Hi all, I want to know following details when we configure the option --int8 during trtexec invocation on the command line
- I have following clarifications w.r.t the above option
a. only weight quantization?
b. only activation quantization?
c. Dynamic quantization? (where quantization ranges for both weights and activation are computed during the inference dynamically as against fixed)
d. Hybrid quantization? (where some part of the model are treated with weight only quantized and some part of the model are treated with activation only.
c. Post training quantization? - where it is a trade-off between model size, inference speed and model accuracy - There is an option to provide the calibration cache file on trtexec command line --calib=. I have following clarifications with this
a. How does it work in combination with --int8 option.
b. How this file need to be generated when we already have a pre-trained model.
c. What if I don’t give this option but only specify --int8 option
d. The calibration cache generated for one model can be used inferencing other models too? - There are some sample codes related to int8 precision under the directory /usr/src/tensorrt/ and also the source file related to trtexec binary.
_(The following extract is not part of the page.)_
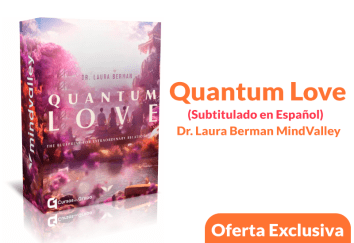 imagen portada Programa Quantum Love The Blueprint for Extraordinary - MindValley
I tried reading it with respect to all above clarifications but could not understand it properly.
- Wanted to have clarifications about which type of quantization it is doing in the sample codes in /usr/src/tensorrt directory w.r.t the clarifications on quantization I have sought.
Please provide me clarifications w.r.t all questions I have raised, providing me the APIs information or file names of the sample code. Also how we can do a trade-off is done in the sample code between the model size, inference speed and the model accuracy when we specify --int8 option.
I will be definitely benefitted out of it.
Thanks and Regards
Nagaraj Trivedi